Collections

An instance of Collection is a container for multiple documents, where a document is an associative array of key-value pairs. Examples are the job state point, or the job document.

The Collection class is used internally to manage and search data space indexes which are generated on-the-fly. But you can also use such a container explicitly for managing document data.

Creating collections

To create an empty collection, simply call the default constructor:

from signac import Collection

collection = Collection()

You can then add documents with the signac.Collection.insert_one() method.

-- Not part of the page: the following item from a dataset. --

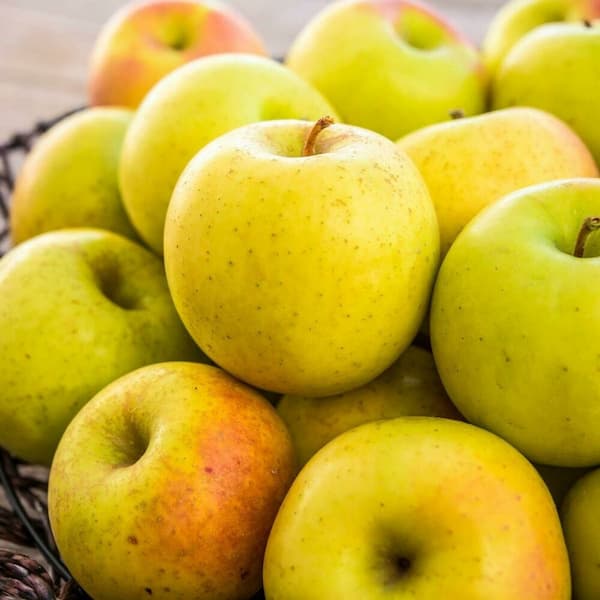 تصویر 5 از خرید و قیمت سیب زرد گلدن دلیشز + فروش عمده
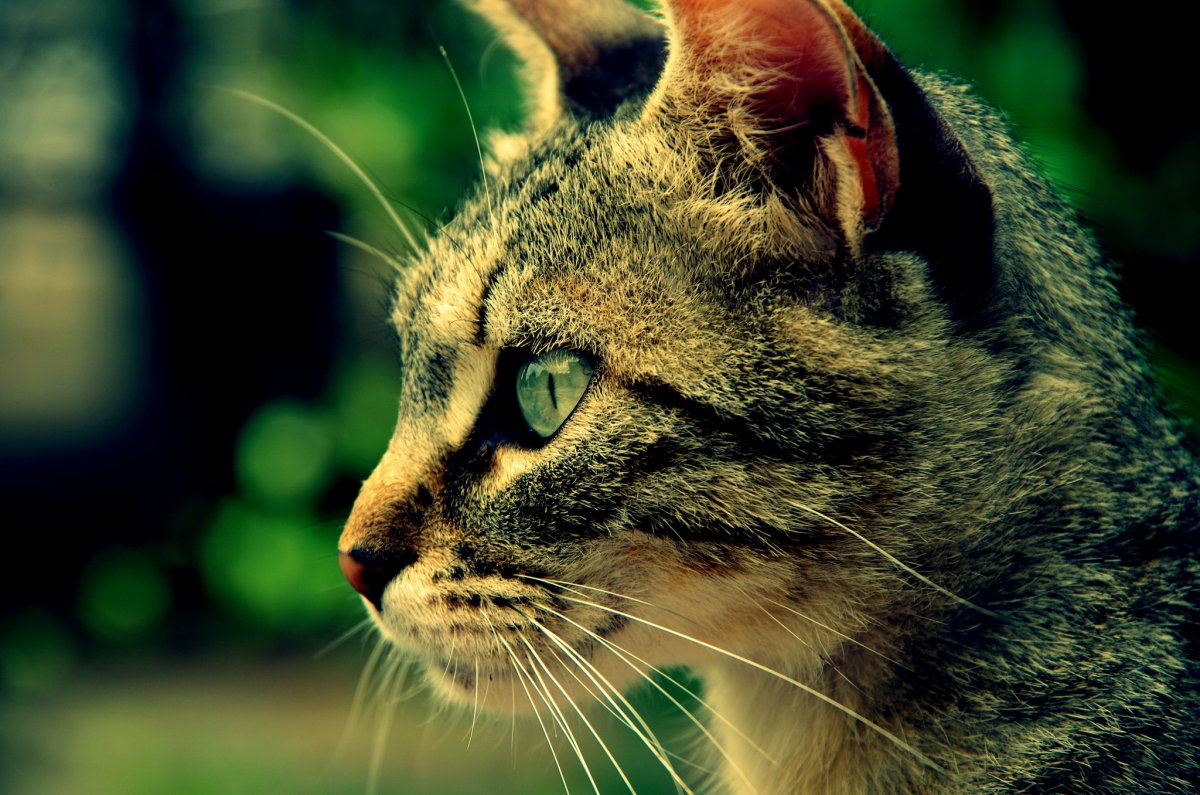 2048 X 1152 котики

Alternatively you can pass an iterable of documents as the first argument, such as the return value of the signac.Project.index() method:

index_collection = Collection(project.index())

By default, the collection is stored purely in memory. But you can use the signac.Collection container also to manage collections directly on disk. For this, simply open a file like this:

with Collection.open('my_collection.txt') as collection:
    pass

A collection file by default is openend in append plus mode, that means it is opened for both reading and writing. The open() function accepts all standard file open modes, such as r for read-only, etc.

Searching collections

To search a collection, use the signac.Collection.find() method. As an example, to search all documents where the value a is equal to 42, execute:

for doc in collection.find({"a": 42}):
    pass

The signac.Collection.find() method uses the framework-wide query API.

Command Line Interface

To manage and search a collection file directly from the command line, create a python script with the following content:

from signac import Collection

with Collection.open("my_collection.txt") as c:
    c.main()

Storing the code above in a file called find.py and then executing it will allow you to search for all or specific documents within the collection, directly from the command line $ python find.py.